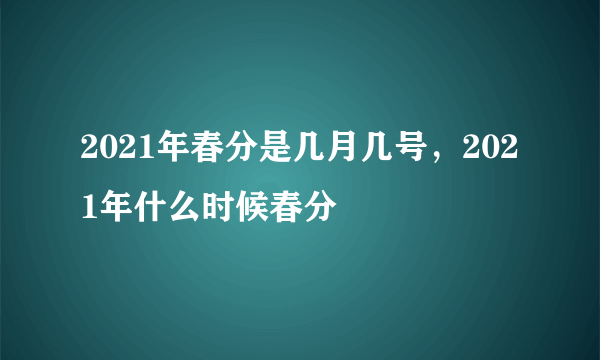 2021年春分是几月几号，2021年什么时候春分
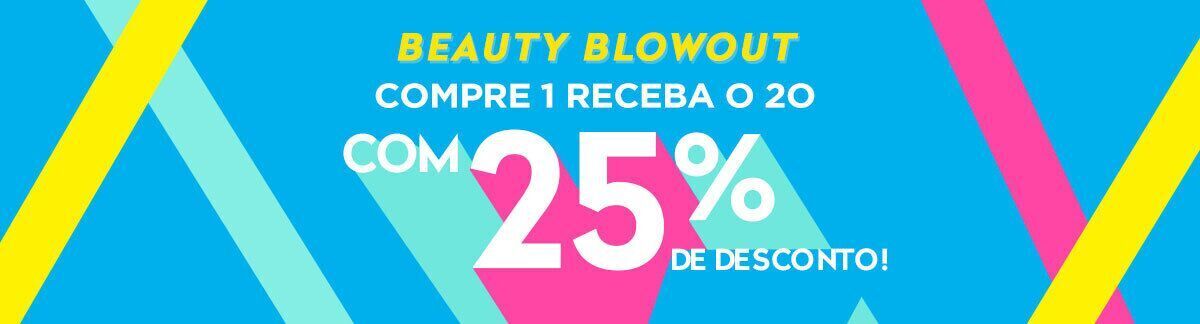 explosão de beleza, promoção, compre 1 e ganhe 1 com 25% de desconto, ofertas em todo o site, desconto nos itens mais baratos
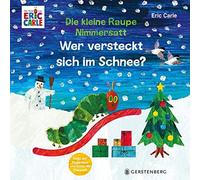 Eric Carle Ulli un Die kleine Raupe Nimmersatt - Wer versteck (Copertina rigida)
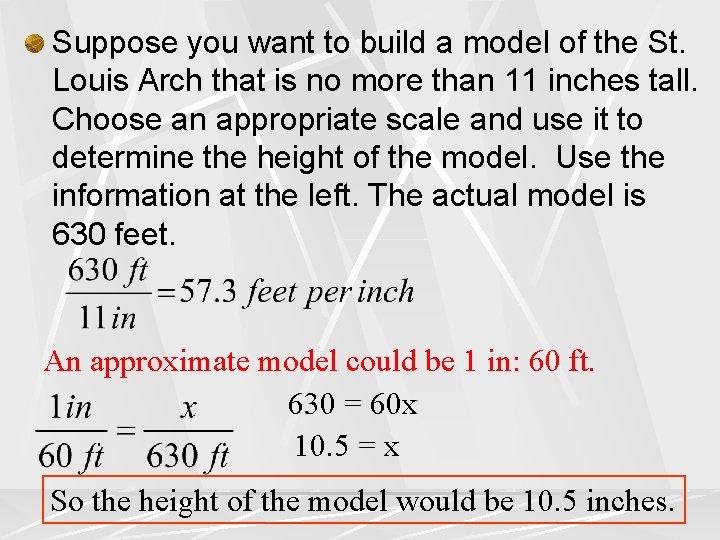 Suppose you want to build a model of the St. Louis Arch that is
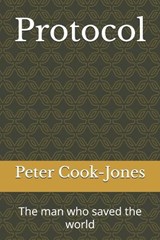 Protocol - Peter Cook-Jones - 9798196197611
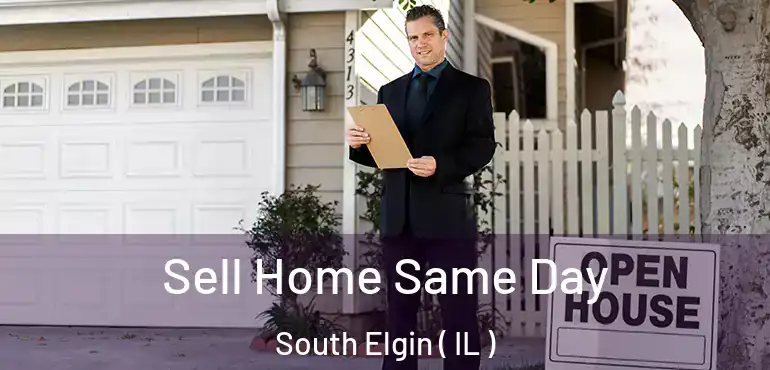  Sell Home Same Day South Elgin ( IL )
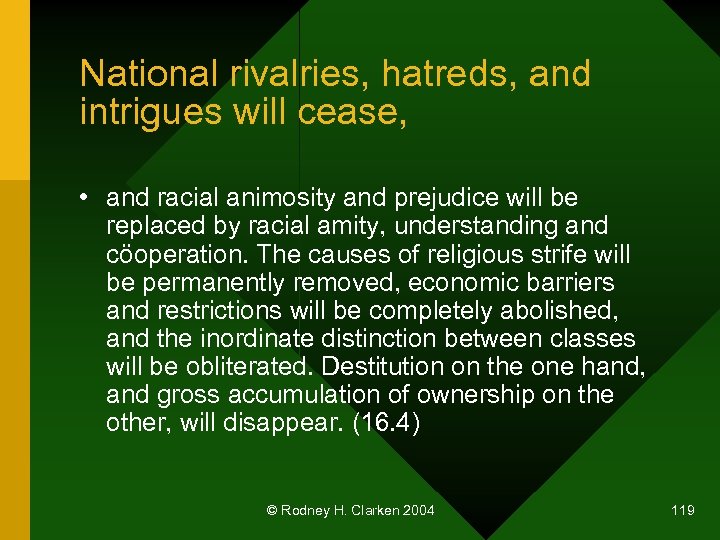 National rivalries, hatreds, and intrigues will cease, • and racial animosity and prejudice will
----
PROBLEM DETAILS: Repeat every entry exactly. Do not include the pictures.

RESULT FOR THIS TASK:
 2021年春分是几月几号，2021年什么时候春分
 explosão de beleza, promoção, compre 1 e ganhe 1 com 25% de desconto, ofertas em todo o site, desconto nos itens mais baratos
 Eric Carle Ulli un Die kleine Raupe Nimmersatt - Wer versteck (Copertina rigida)
 Suppose you want to build a model of the St. Louis Arch that is
 Protocol - Peter Cook-Jones - 9798196197611
  Sell Home Same Day South Elgin ( IL )
 National rivalries, hatreds, and intrigues will cease, • and racial animosity and prejudice will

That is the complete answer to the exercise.